We detected extracellular Prdx2 in the plasma of RA and healthy subjects and in the synovial fluid of RA patients, and this extracellular Prdx2 did not appear to be an artefact (see Supplementary Data 4).

The effects of different drug treatments on the expression of the Prdx-based system were analyzed by Spearman's rank correlation where drug doses were available, or – where drug doses were not available – by dividing the patients into subgroups based on the presence or absence of a certain drug treatment and comparing the means of analyzed parameters between the two groups. Using these approaches, we found no evidence for any effects of different drug treatments on the analyzed parameters.

The clinical relevance of our findings is two-fold, as they point to the possibility that Prdx2 may be used as a marker of inflammation and as a drug target. The potential of Prdx2 as a marker of inflammation is supported by: (a) the observed increase in the levels of Prdx2 protein in RA lymphocytes compared with healthy subject lymphocytes, (b) the correlation of intracellular levels of Prdx2 in RA lymphocytes with serum concentrations of CRP, and (c) the higher percentage of Prdx2+ve IL17+ve lymphocytes compared with the Prdx2+ve total lymphocyte population in RA patients.

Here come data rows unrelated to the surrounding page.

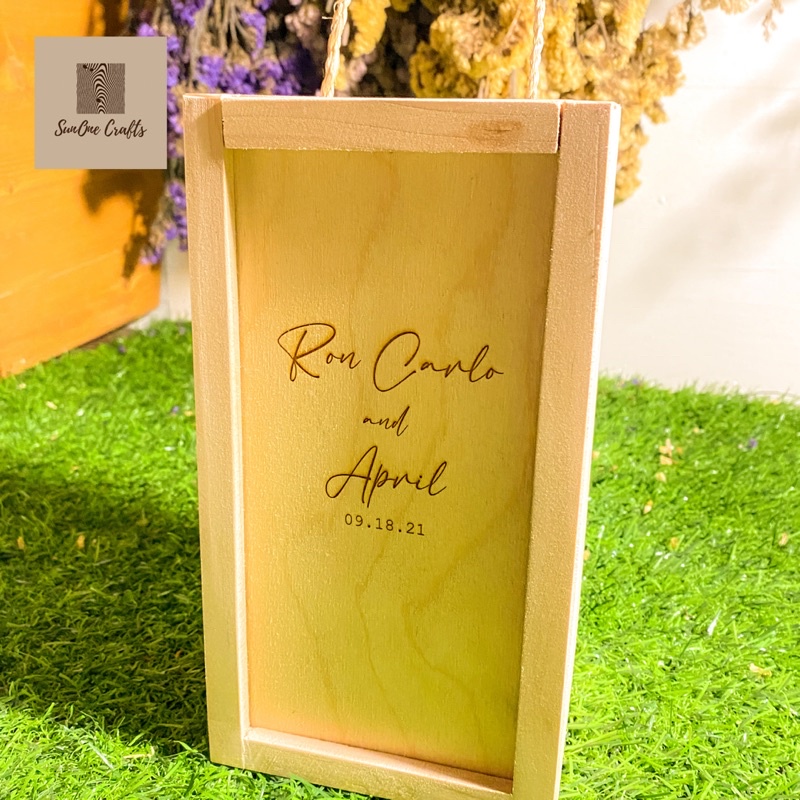 MINI WINE BOX (12cm x 22cm x 10cm) Shopee Philippines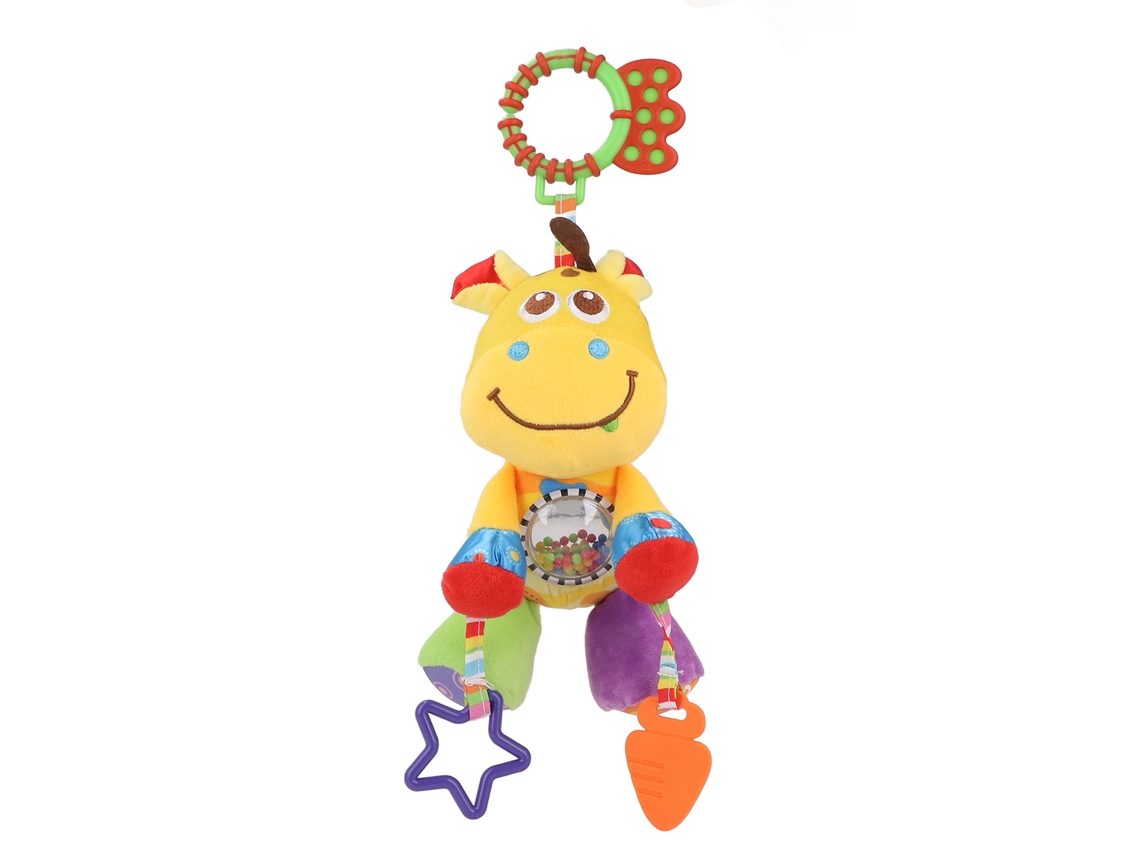 Mali brinquedo de Chocalho Suspenso para Bebê com Chupeta Colorido Alivia Ansiedade Sem Odor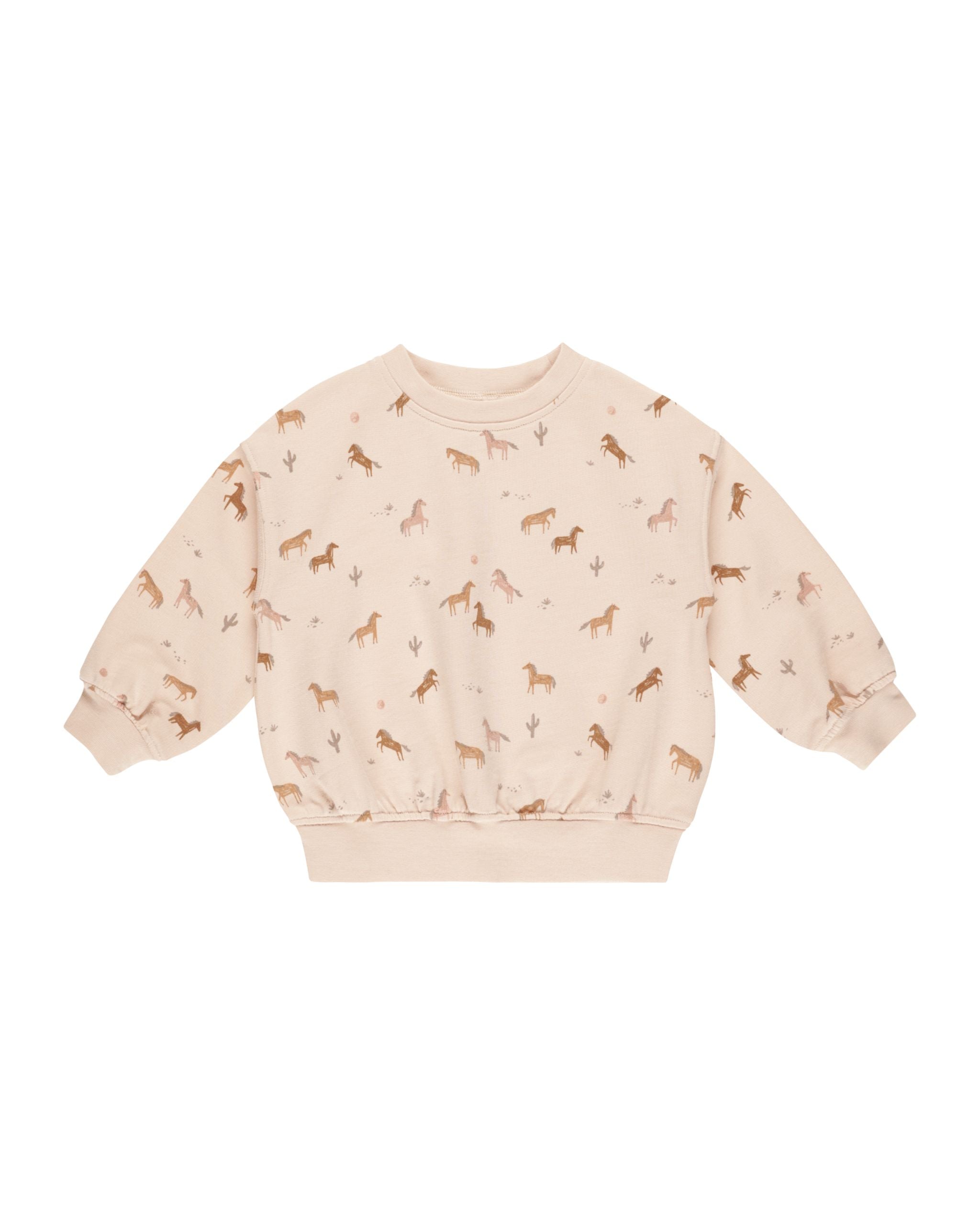 RELAXED SWEATSHIRT || HORSES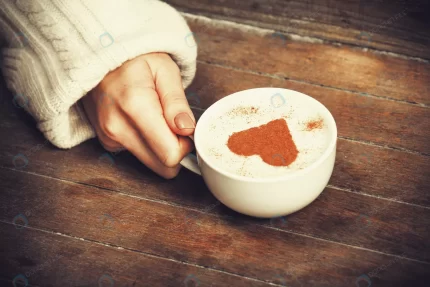 woman holding hot cup coffee with heart shape crc54789dec size10.91mb 5616x3744 1 - title:graphic home - اورچین فایل - format: - sku: - keywords: p_id:353984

This study has not addressed the functional role of Prdx2 as an inhibitor of apoptosis of inflammatory cells – a research subject actively pursued with regard to malignant cells (Wang et al., 2005). As Prdx2 protein concentrations may be elevated intracellularly and on the surface of inflammatory cells in RA, the role of Prdx2 should be addressed in these cell populations in future studies, preferably in a leukocyte subpopulation-specific manner.

In summary, the present study showed that the intracellular levels of Prdx2 protein in lymphocytes were increased in RA patients compared with healthy subjects and that the Prdx2 levels correlated with the degree of inflammation as indicated by the serum CRP concentration. We also detected exofacial Prdx2 in isolated human lymphocytes. In RA, the proportion of cells that displayed exofacial Prdx2 was enhanced in the Th17 population compared with the total lymphocyte population, suggesting the possibility that Prdx2 might contribute to the activation of these pro-inflammatory cells.

Acknowledgements

The authors would like to thank to Drs Kirsty Line, Adrian Todd, Robert Morse, Claire Bennett, Janet Holley, Tamás G. Szabó, Lorna Harries and Giada Alberigo for useful discussions and their help in the laboratory. We are grateful to Miriam Haas of the NIHR Clinical Research Facility for providing details of the clinical variables corresponding to the RA patient samples. We are greatly indebted to all volunteers who donated samples for the purposes of this study. This study was supported by the Northcott Devon Medical Foundation, the Peninsula Medical School, a grant from the European Union FP7 Marie Curie ITN program (no. 215009), and an equipment grant for flow cytometry (no. 17231) from Arthritis Research UK.